Después de leer semejante parrafada, se podría alegar muy oportunamente: si, hechas las debidas excepciones, podemos aceptar que las mujeres no tienen un interés especial por el cine, ni tampoco han demostrado una habilidad destacable cuando se han lanzado a ello, ¿por qué debemos temer tanto sus incursiones tras la cámara? Pues por una razón muy sencilla: porque aunque a las mujeres no les interese el cine, a la industria del cine si le interesan las mujeres. Y estos altos ejecutivos son tan astutos que cuando no existe ninguna mujer que dé el tipo comercialmente, se la inventan. Un ejemplo paradigmático: Diablo Cody, guionista de la tramposa Juno (Jason Reitman, 2007), caso cristalino de una de las más taimadas maniobras de márketing realizadas en los últimos años con la mujer como objeto de venta. Un poco de sentido común, por favor. Yo me puedo creer que una bailarina de striptease le dé la vena una noche, se siente a escribir un guión y le salga algo como Fóllame (Baise Moi. Despentes y Coralie, 2000) o A gun for Jennifer (Todd Morris, 1996), por otra parte dos películas muy estimables, como pasó en años anteriores. Difícilmente me trago que en su lugar obtenga un resultado que parece un brainstorming de una revista de tendencias [1]. No sé, creo que no soy el único que piensa que al ver su película pensó que Diablo Cody era una patraña de la catadura de Alan Smithee o la Simone de Andrew Fleming. Y detrás del engaño, tal vez haya mucho más donde arañar: al cine le interesan que haya mujeres tras las cámaras, independientemente de su talento, porque es guay, progre y políticamente correcto, y porque atrae a las salas tanto a las propias mujeres —muchas de ellas, al parecer, encantadas de tragarse el cuento de que una persona de su propio sexo siempre les va a contar mejor una historia— como a intelectuales de pro flipados por inyectarse en vena el último juguetito del mercado global.

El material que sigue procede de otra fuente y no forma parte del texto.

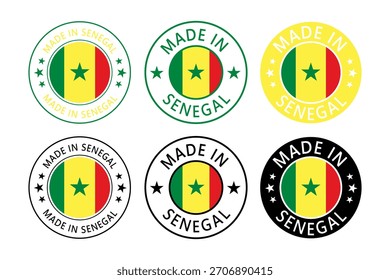 Senegal Made in Stamp im Kreis mit Flagge Vektorvorlage auf weißem Hintergrund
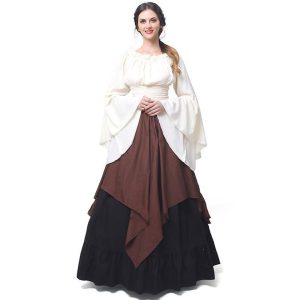 Historical & Vintage Costumes |   Retro Vintage Victorian Medieval Renaissance Peasant Dress Dress Chemise OverDress Lady Viking Irish Elven Women’s Masquerade Casual Daily Renaissance Fair Dress Brown Cosplay & Costumes Brown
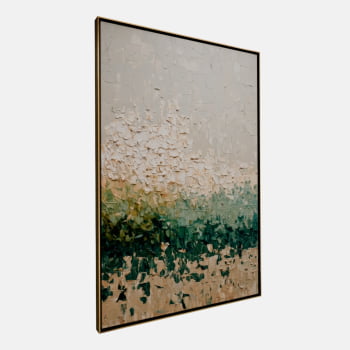 QUADRO  HORIZONTE VERDEJANTE ABSTRATO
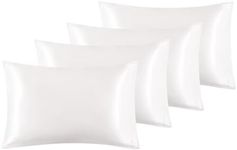 Bedsure Pillow Cases 4 Pack - Similar to Silk Pillowcase, Cooling Satin Pillowcase for Hair and Skin with Envelope Closure, Gifts for Women, Queen & Standard Size 50x75 cm, Ivory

No quiero ser extremista, pero mucho me temo que nos espera un futuro plagado de bostezos y mentiras como catedrales si ciertas abanderadas del nuevo feminismo se deciden a tomar sus cámaras. ¡Y pensar que fuimos nosotros quienes empezamos a alentarlas! Así que sólo me queda hacer un llamamiento desesperado a todos los hombres que me están leyendo. Escuchad bien: nunca le volváis a decir a una chica que escribe bien o que tiene talento si realmente carece de él. No vais a conseguir nada de esa manera, ni mucho menos que ceda a vuestras babosas intenciones sexuales. Lo único que obtendréis será el tedio y odio de varias generaciones abocadas a sufrir sus películas, sus ridículas obsesiones y su particularísimo sentido de la moral, auspiciadas por una industria hipócrita y oportunista. Un panorama, en verdad, escalofriante y desolador que tal vez esté a la vuelta de la esquina si nosotros, pobres peleles abocados al mandato del sexo superior, seguimos poniendo el rasero del arte en consonancia con el perímetro de nuestra bragueta.


[1] Cuando reviso estas líneas, escritas hace bastantes meses, ya se ha estrenado la segunda película de Cody como guionista, la muy interesante Jennifer´s body (Karyn Kusama, 2009), dirigida para más inri, por otra mujer. Lejos de constatar la tesis de este artículo y de la mayoría de películas señaladas arriba, la obra de Kusama y Cody hace por abrir camino para un cine feminista verdaderamente incómodo, subvirtiendo los mimbres del cine de género desde un punto de vista crítico, malicioso y con todo honesto. La misma existencia de esta película podría conseguir que me tragara la mayoría de mis palabras, de no ser por su tibia acogida, y por el triunfo este mismo año, mucho más relevante a mi juicio, de comedias como Que les pasa a los hombres (He is just not that into you. Ken Kwapis, 2009) y La cruda realidad (The ugly truth. Robert Luketic, 2009), ladinas renovaciones de los lugares comunes del machismo de toda la vida, cuyos libretos de nuevo aparecen firmados por mujeres.